__Brief__
Starting with the line below that holds "Used BMW 5 Series" and stopping after the line that holds "Splendid Two-Bedroom Flat", transcribe the lines exactly, leaving out all pictures.

__Data__
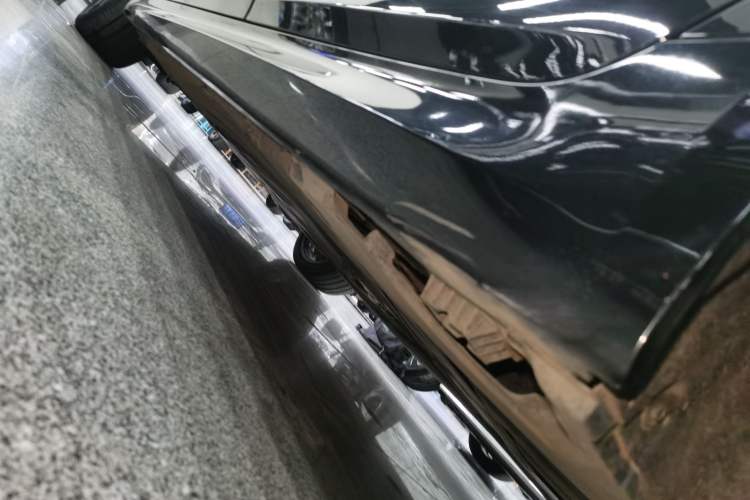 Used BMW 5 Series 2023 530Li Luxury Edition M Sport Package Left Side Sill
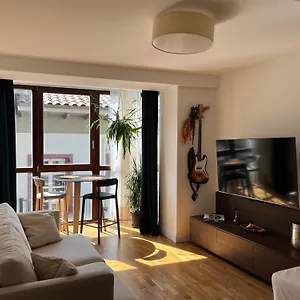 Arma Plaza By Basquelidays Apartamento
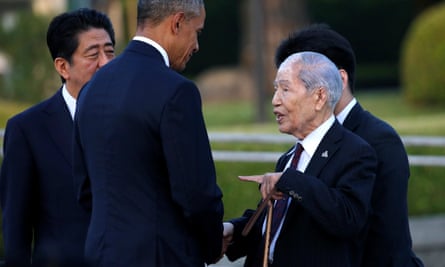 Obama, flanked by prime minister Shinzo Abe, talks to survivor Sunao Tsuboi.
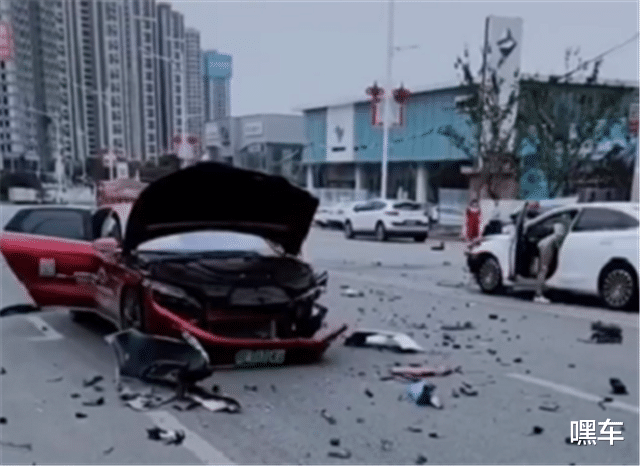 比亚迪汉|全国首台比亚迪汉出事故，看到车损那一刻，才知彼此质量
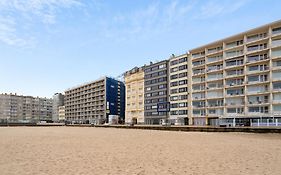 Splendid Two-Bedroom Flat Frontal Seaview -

--

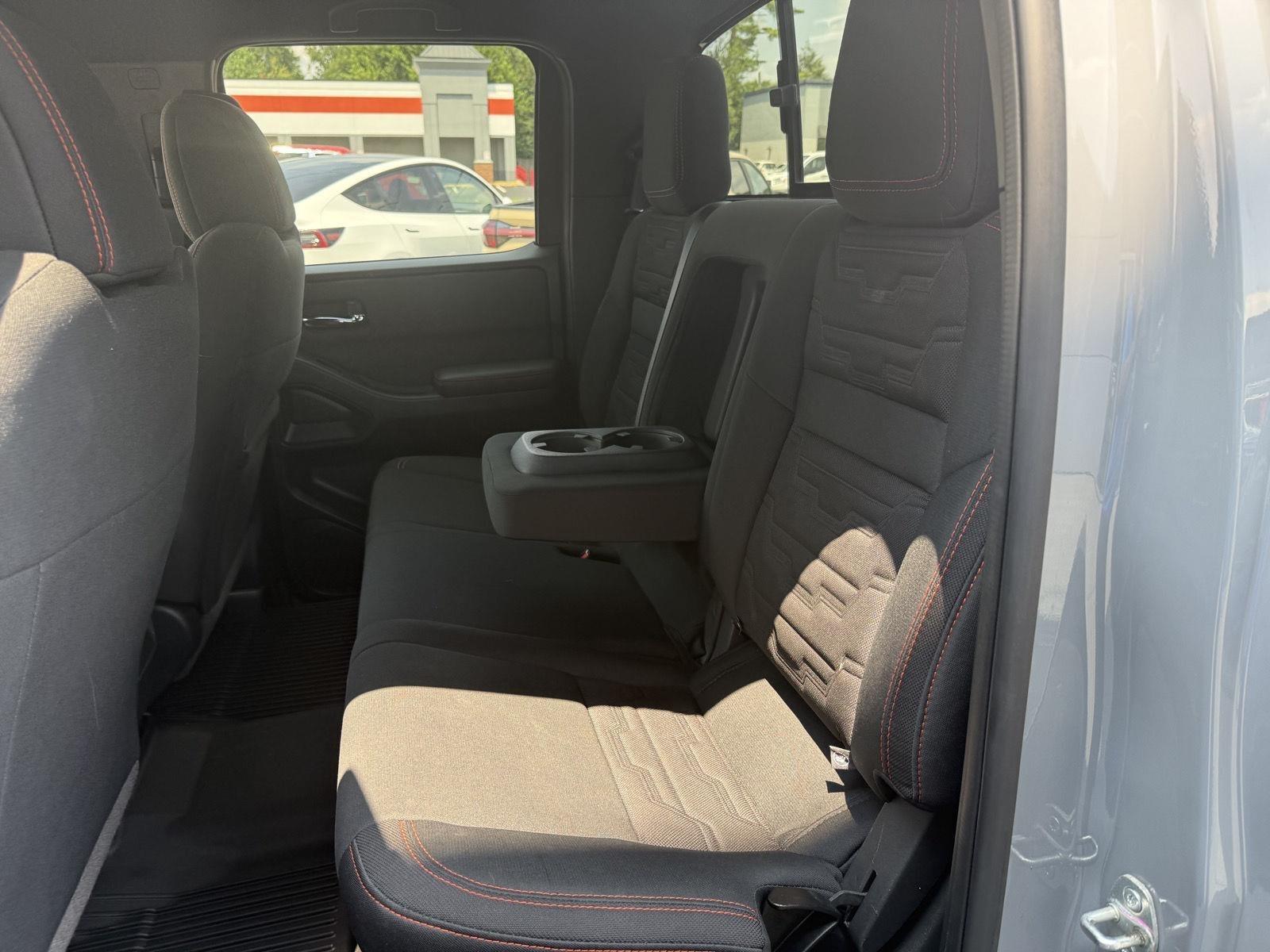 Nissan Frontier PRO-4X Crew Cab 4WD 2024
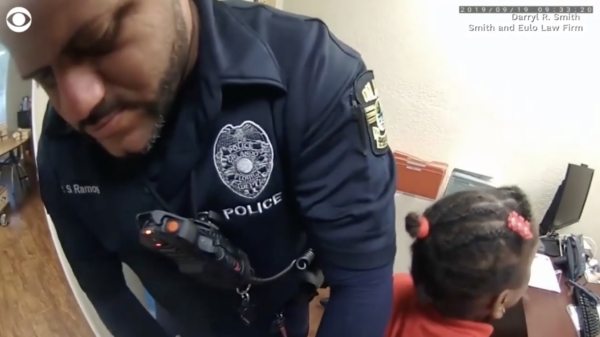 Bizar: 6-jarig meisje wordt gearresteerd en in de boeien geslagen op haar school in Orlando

* * *

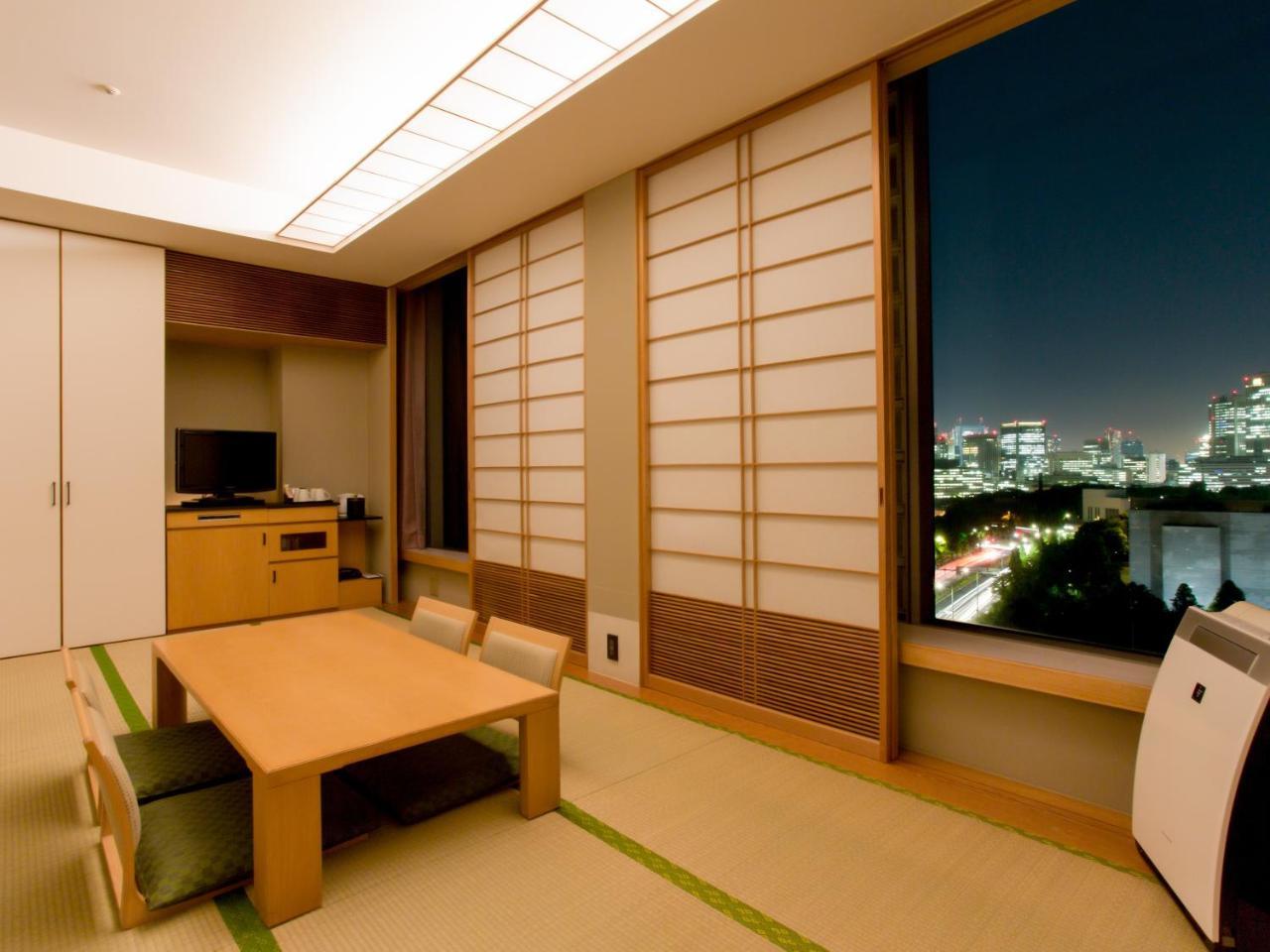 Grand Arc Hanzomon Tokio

__Task answer__
 Used BMW 5 Series 2023 530Li Luxury Edition M Sport Package Left Side Sill
 Arma Plaza By Basquelidays Apartamento
 Obama, flanked by prime minister Shinzo Abe, talks to survivor Sunao Tsuboi.
 比亚迪汉|全国首台比亚迪汉出事故，看到车损那一刻，才知彼此质量
 Splendid Two-Bedroom Flat Frontal Seaview -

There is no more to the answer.